A foursome playing the Greynolds Park Golf Course in North Miami Beach Saturday afternoon were buzzed by a banner plane making an emergency landing on the 9th hole.
Pilot Annette Simon, 35, of Avial Banners, Inc., was on her way back to the airport from towing an ad over South Beach when her yellow Piper Pawny P-8 began to shake.
She ejected her banner safely over a residential area four or five blocks away and then looked for a place to land.
“I knew there was a problem when I was flying over the golf course,” she said. “There was a stuttering noise and I knew I had to put the plane down. I circled and looked for the best spot and ended up coming down near the 9th [fairway].”

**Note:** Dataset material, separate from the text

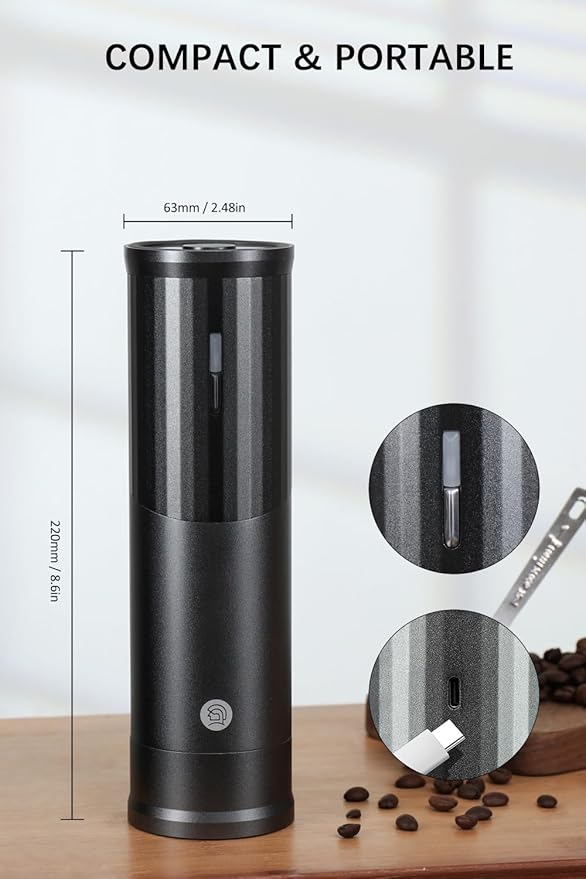Electric Coffee Grinders, Portable Burr Grinder Capacity 50g w/Magnetic Cover,External Adjustable Setting, Aluminum Alloy Body, 800mAh Battery(Stand not Included) Black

Simon narrowly avoided the carting foursome (causing “flustered” golfer Jake Russo to miss a putt), threading her way onto the course and making what witnesses called a “perfect” landing.
“I think what stands out the most about this is the outstanding job the pilot did putting the plane down in this fashion,” Miami-Dade Fire Department Battalion Chief Hugh Bruder said. “There could have been a lot of damage to properties, but that didn’t happen.”
Bob Benyo, the owner of Avial Banners, was given permission from the Federal Aviation Administration to inspect the plane himself. After ice on the carburetor melted, one of the company’s pilots flew the plane off the course and back to its hanger at North Perry Airport in Pembroke Pines.